Notez que tout ce dont je viens de vous parler, ça m’énerve mais ça ne m’empêche pas non plus de dormir. Seulement, il fallait bien que je parle de quelque chose pour que mon article ne se réduise pas à un éloge de l’anthologie de fausse publicités de « Hara-kiri » publiée chez Hoëbeke en octobre 2009 (oui, je sais, ce n’est pas ce qu’il y a de plus brûlant comme actualité culturelle) : j’ai donc pris sur moi de traiter d’un sujet que le vénérable Cavanna, auteur des textes qui illustrent les images du livre (oui, je sais, c’est paradoxal, mais arrêtez de m’interrompre, c’est mal élevé), n’a pas développé, soit parce que ce thème est trop moderne pour que les farceurs de « Hara-kiri » l’aient connu quand ils composaient le journal « bête et méchant », soit parce que le vénérable Cavanna (natif de Nogent-sur-Marne) ne connaît pas la Bretagne – la première hypothèse est la plus vraisemblable, Cavanna ayant la réputation de quasiment tout savoir, donnant raison au dessinateur Tignous selon lequel « si Dieu existait, Cavanna serait plus fort que lui ».

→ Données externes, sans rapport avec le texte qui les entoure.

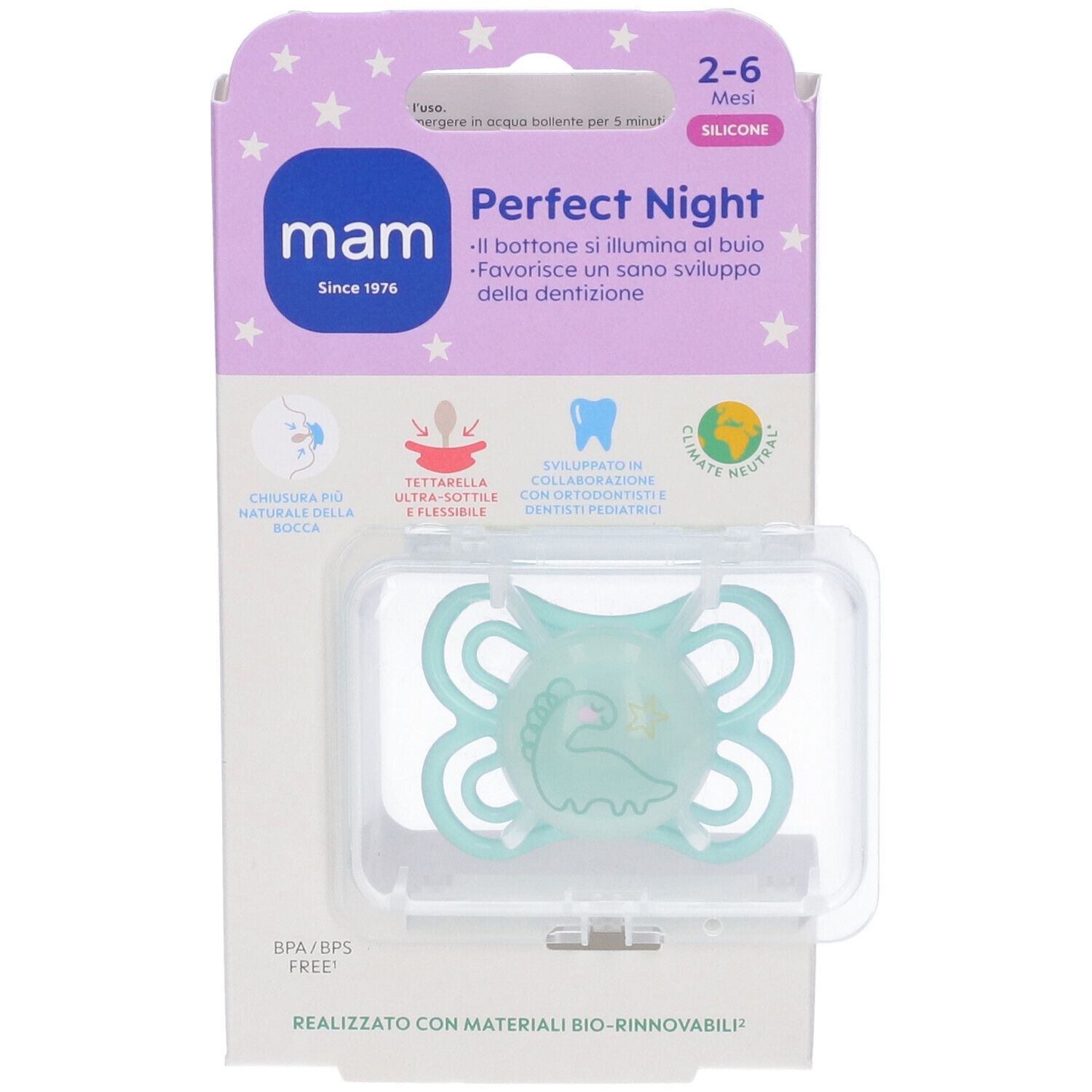 Mam Succhietto Perfect 2-6 Mesi Silicone Single Box Maschio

Mais revenons au livre : maintenant que vous savez à quel point la Bretagne subit la connerie publicitaire de plein fouet, vous me pardonnerez d’avoir adoré ce bouquin scélérat à ne pas mettre entre les mains des curés laïques et des pisse-froids (je ne suis pas sûr que le « s » ait sa place) moralisateurs. La couverture est d’une sobriété quasi-monacale : juste le titre « Hara-kiri, journal bête et méchant » accompagné de l’immortel logo dessiné par Cavanna, représentant le petit japonais hilare qui s’ouvre la bedaine, et le titre du bouquin lui-même « La pub nous prend pour des cons, la pub nous rend cons », le chef-d’œuvre de tact et de diplomatie que constitue cette dernière phrase étant bien évidemment une affirmation péremptoire que reprenait en cœur l’équipe de « Hara-kiri » et que Cavanna commente ainsi : « C’est une profession de foi. C’est la mienne. Ce fut celle de « Hara-Kiri » entre 1960 et 1985. C’est celle de « Charlie Hebdo ». Ce devrait être celle de tout journal, de tout média, qui se veut libre ». Conclusion : si vous croyez avoir affaire à une pure provocation lancée pour le plaisir de provoquer, vous en êtes pour vos frais. Tous ces détournements publicitaires sont la concrétisation d’un des engagements à l’avant-garde desquels s’était placé « Hara-Kiri » avant même que ça ne fasse partie de l’air du temps : à la défense des animaux et le rejet de toute croyance religieuse s’ajoutait une croisade anti-publicité qui a largement devancé le mouvement Casseurs de pub. Toute cette saine gaudriole au service de la lutte contre le mercantilisme outrancier, c’est joindre l’utile à l’agréable ou je ne m’y connais pas !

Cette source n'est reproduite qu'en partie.